DATA SHOWN
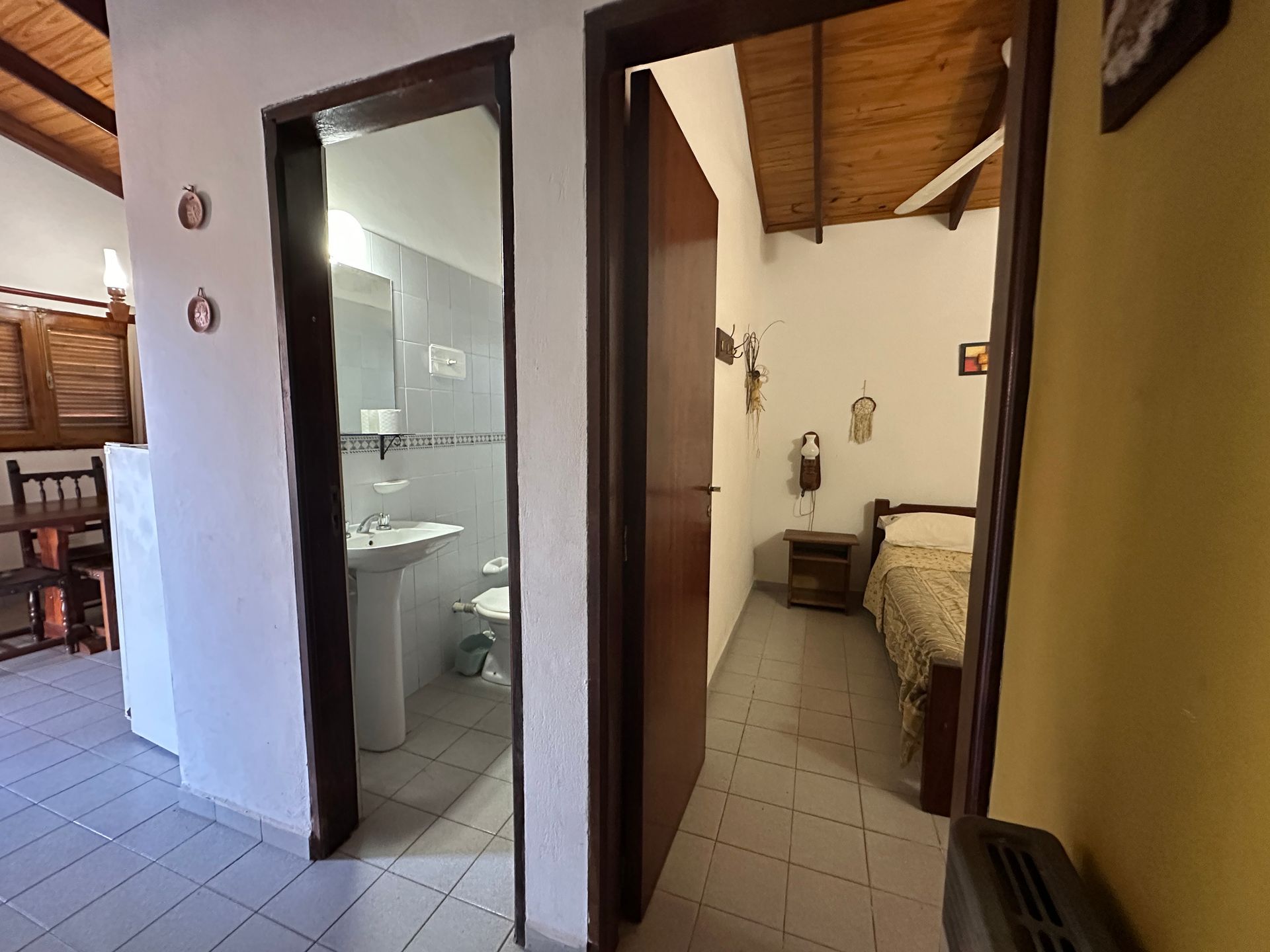Miniatura 23 — Venta Complejo de Cabañas Nono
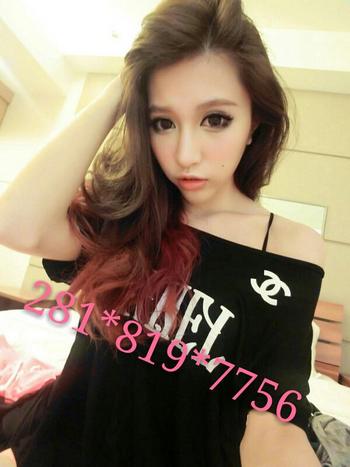 , 22  female escort, Houston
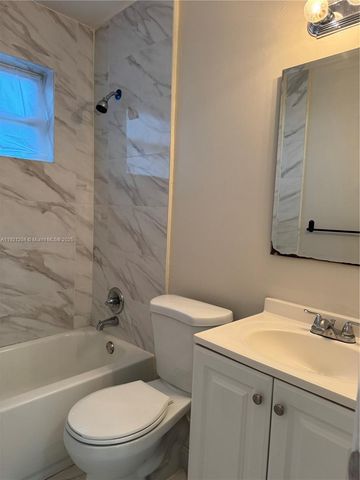 522 NW 13th Ave 1, Fort Lauderdale, FL 33311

REQUIRED WORK
Reprint all the data above verbatim, excluding pictures.

RESULT
Miniatura 23 — Venta Complejo de Cabañas Nono
 , 22  female escort, Houston
 522 NW 13th Ave 1, Fort Lauderdale, FL 33311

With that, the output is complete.